Da Montalbano all’isola che non c’è fino ai coralli di Sciacca

proposito della Val di Noto: come tutti sanno, molti dei set in cui vengono girati gli episodi del commissario Montalbano si trovano proprio tra Scicli, Ragusa e Punta Secca, luoghi dove è stata ricreata l’immaginaria Vigata. Sempre a Vigata si svolgono le vicende di un altro bel romanzo di Camilleri, Un filo di fumo, nel quale si narra tra l’altro l’incredibile vicenda dell’isola Ferdinandea, apparsa e scomparsa, nel mare di fronte a Sciacca (Agrigento), nel 1831 a causa dell’eruzione di un vulcano

sottomarino. L’isolotto, che fu conteso da Inghilterra, Francia e Regno delle Due Sicilie, sommerso da allora, è divenuto l’habitat di una varietà di corallo unica al mondo, con la quale si realizzano preziosi monili.
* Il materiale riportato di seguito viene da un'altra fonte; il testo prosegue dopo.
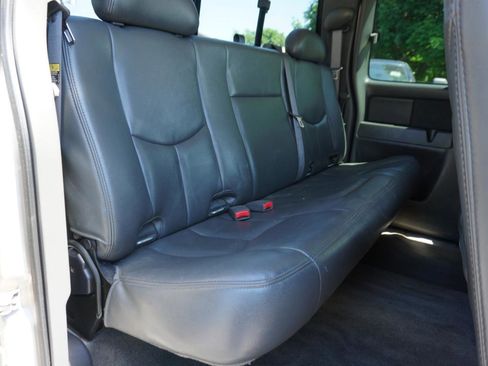 Used 2007 Chevrolet Silverado 2500 LT w/ Onstar Plus Package AWD/4WD image 19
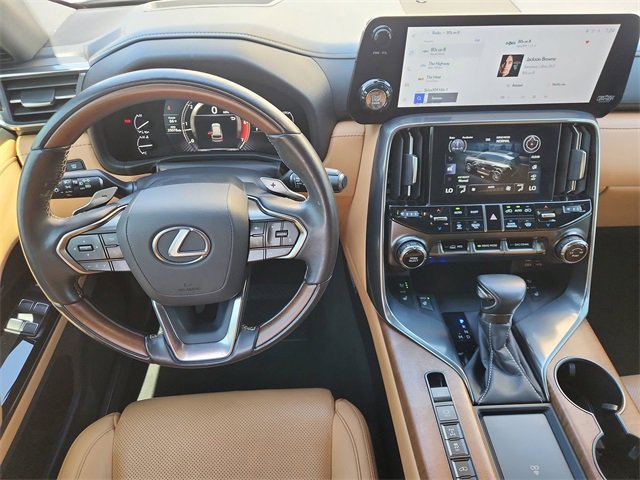 Used 2023 Lexus LX 600 4WD w/ Luxury Package image 11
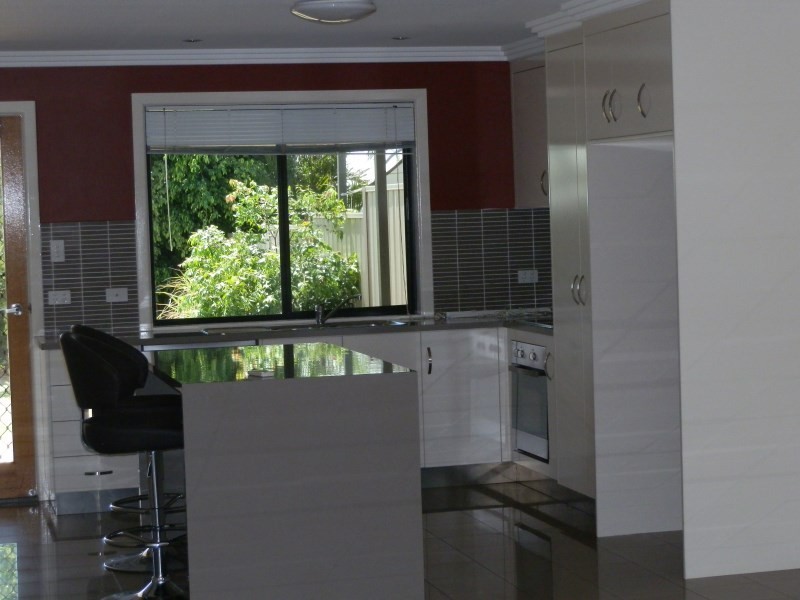 11A Brokenwood Street, Emerald QLD 4720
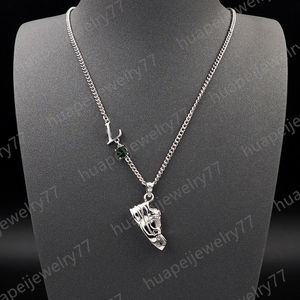 Collar de plata de moda para hombre, collar con colgante de diseñador de lujo, zapatos con letras de cristal verde, collares, joyería de vacaciones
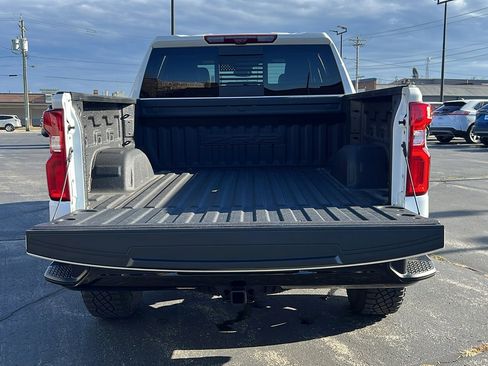 Used 2024 Chevrolet Silverado 1500 ZR2 w/ Technology Package image 36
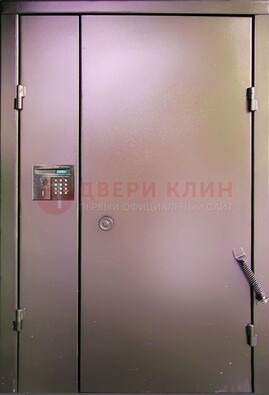 Коричневая стальная дверь в подъезд ДПД-1 в Сургуте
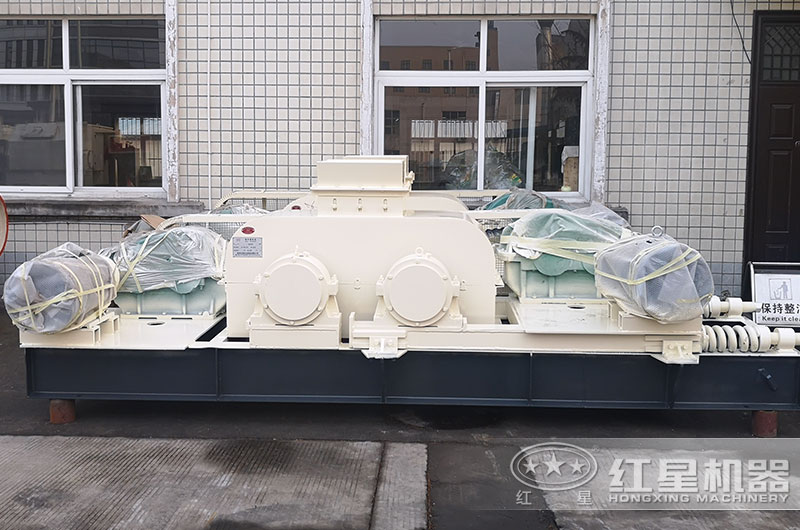 小型對輥制砂機圖片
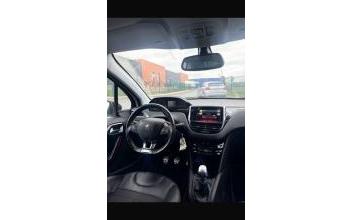 Peugeot 208 Beaumont-sur-Oise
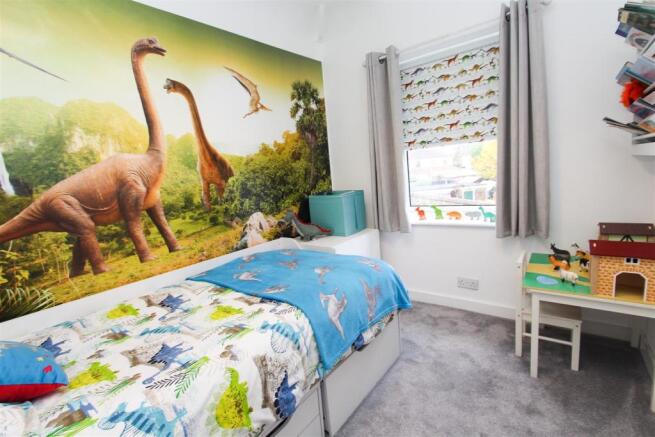 BEDROOM 4.jpg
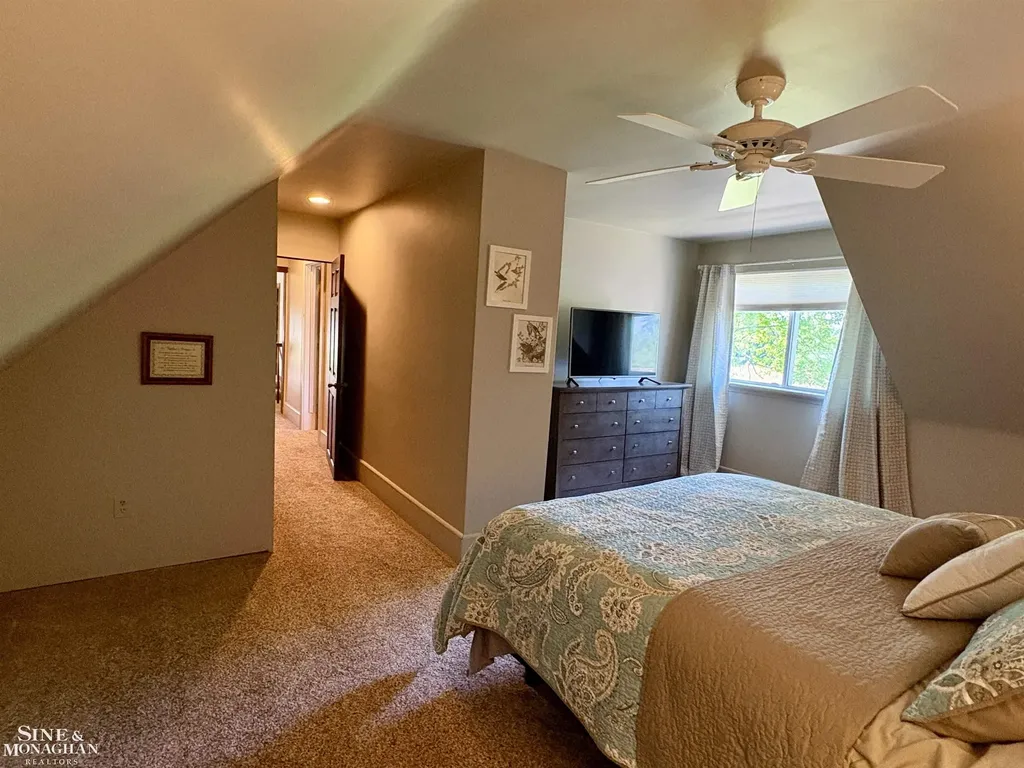 6281 Lindsey Road China Township MI 48054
Ecco dunque un altro buon motivo per visitare questa località, una vera e propria cartolina con edifici dai colori pastello, che si riflettono nel mare punteggiato dai pescherecci, celebre anche per il suo carnevale, le sue ceramiche e le sue antiche mura normanne.

La tradizione dei pupi e la lava dell’Etna

Tra gli emblemi dell’isola un altro vulcano, il maestoso Etna, da visitare assolutamente almeno una volta nella vita e restare senza fiato di fronte alla forza della natura. In zona, soprattutto a Giarre, Paternò e Acireale, è molto diffusa la lavorazione della pietra lavica con la quale, oltre a monili e oggetti, vengono realizzati tavoli, top di cucine, bagni, utensili, caratterizzati da un design che mescola tradizione e modernità, grazie anche al processo della ceramizzazione che rende la lava lucida e brillante. E ora Catania, con i suoi antichi palazzi e le sue piazze con le facciate in pietra nera: in questa accogliente città

piena di vita, di bar, di negozi, di pasticcerie, con un centro storico molto movimentato in cui ci si può dedicare allo shopping più classico così come alla ricerca di specialità gastronomiche o prodotti artigianali tradizionali, è ancora viva la tradizionale lavorazione dei “pupi” caratteristiche marionette originariamente realizzate in legno, poi in metallo, vestite con abiti preziosi, che sono state le protagoniste del teatro popolare siciliano sin dal 1700. Perché si chiamano così? Semplice, il nome viene direttamente dal latino pupus, cioè bambino, con chiaro riferimento alle dimensioni del manufatto.